# New guy... same old trust issues



## dior01 (Jun 21, 2011)

Thanks for reading this.

I have been thru a lot and got out of an emotionally abusive relationship with a cheating, lying pig 6 months ago.. phew! It's been hard to say the least and I suffered a lot getting over him and everything he put me thru while he was busy moving on in a matter of weeks and getting another girl pregnant. Did I mention we were engaged and living together?

Anyways.. I met this amazing guy 1 month ago.. the way we met was so out of the norm andalmost like 'meant to be".. (he had to pick up his sister's best friend from my birthday party because she was too drunk to drive home and that's how we met by fluke)

We moved a bit fast but it was like love at first sight so it felt right.. (we became official a month into dating) He is so different from my ex (even though physically they look a lot a like) He is respectful and sweet and wants to spend every minute with me..

So why is it that for the last week I've been questioning him like crazy? A few times he took hours to get back to me or had his phone off.. and even though he had a pefectly good explanation my gut was acting up like something shady was going on.. he's never given me a reason not to trust him so far and is the sweetest guy ever.. so am I going crazy or is my gut so well trained after my past experience that I detect even the smallest lie?

Any advice is appreciated.. I really like this one..


----------



## Jellybeans (Mar 8, 2011)

You've only known this guy for a month so my advice is to take it really slow. 
Feel him out. Right now you are just getting to know him. If you find that he isn't as into the relationship as you are, just let him go. 30 days isn't that long. You're in the beginning stages. Enjoy it.


----------



## 4821 (Nov 3, 2011)

dior01 said:


> Thanks for reading this.
> 
> I have been thru a lot and got out of an emotionally abusive relationship with a cheating, lying pig 6 months ago.. phew! It's been hard to say the least and I suffered a lot getting over him and everything he put me thru while he was busy moving on in a matter of weeks and getting another girl pregnant. Did I mention we were engaged and living together?
> 
> ...



You are feeling this way because the last man you loved was not trustworthy. You also feel this way because the man you are with now you do not know him. You moved quickly and you were on the rebound from your ex moving on.

Any way you can live on your own without a man? What happens when we live a lone a few years is to have retrospect into what when wrong with the first guy. Then you are independent, self-assured, and have a ton of confidence.
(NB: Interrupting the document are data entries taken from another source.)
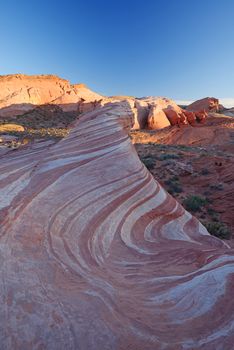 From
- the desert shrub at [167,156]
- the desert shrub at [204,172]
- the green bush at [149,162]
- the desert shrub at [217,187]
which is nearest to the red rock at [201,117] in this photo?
the desert shrub at [167,156]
You will learn so much about yourself.

I am sorry for your loss. The new guy might be the one too, but he needs to know that you have trust issues. So, at first you will need him to be there 24/7 by page, phone, or person so you can build trust again. Explain to him that you need this because of your past trust issues. See if he will agree to be there for you 24/7. When he is always there for you - and you have no aching feelings about it - then move forward.

I am afriad that your feelings you have now are trying to tell you something about this new guy - Listen to your heart


----------



## COGypsy (Aug 12, 2010)

Jellybeans said:


> You've only known this guy for a month so my advice is to take it really slow.
> Feel him out. Right now you are just getting to know him. If you find that he isn't as into the relationship as you are, just let him go. 30 days isn't that long. You're in the beginning stages. Enjoy it.


:iagree:

I'm not sure exactly what "becoming official" means--but it sounds to me like you're trying to make a different ending to your old relationship instead of build a new and healthy relationship.
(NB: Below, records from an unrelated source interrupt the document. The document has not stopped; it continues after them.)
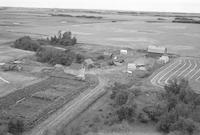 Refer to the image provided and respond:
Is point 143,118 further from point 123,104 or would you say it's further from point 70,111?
point 70,111

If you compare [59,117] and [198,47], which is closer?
[59,117]

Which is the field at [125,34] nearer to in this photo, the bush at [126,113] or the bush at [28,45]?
the bush at [28,45]

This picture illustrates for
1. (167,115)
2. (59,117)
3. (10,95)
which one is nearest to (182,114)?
(167,115)

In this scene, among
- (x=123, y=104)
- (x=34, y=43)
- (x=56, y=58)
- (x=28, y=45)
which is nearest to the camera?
(x=123, y=104)

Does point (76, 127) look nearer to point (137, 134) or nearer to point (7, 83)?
point (137, 134)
To me it looks as though you found a guy that looks like the last one, pretty much completely skipped dating, went right into a full-on committed encompassing relationship and now you're laying all of the consequences of your ex's behavior on this new guy who hasn't done anything to you.

If I were a month into dating someone and they were interrogating me about how long it took me to call them back, or whether my phone was on or off and when---I'd run for the hills! That kind of expectation is way too much, way too soon! Frankly, you're missing all the fun of dating itself!

Like you said yourself, you've been through a lot. Take some time and get your own head on straight. Once you've had a chance to work through your last relationship, you won't need to jump into something new so fast, you won't have to wonder if you're imagining whether something is shady or not...you'll know. You'll have your boundaries and it will be really clear when someone is crossing them, when it's legitimate and when it's BS.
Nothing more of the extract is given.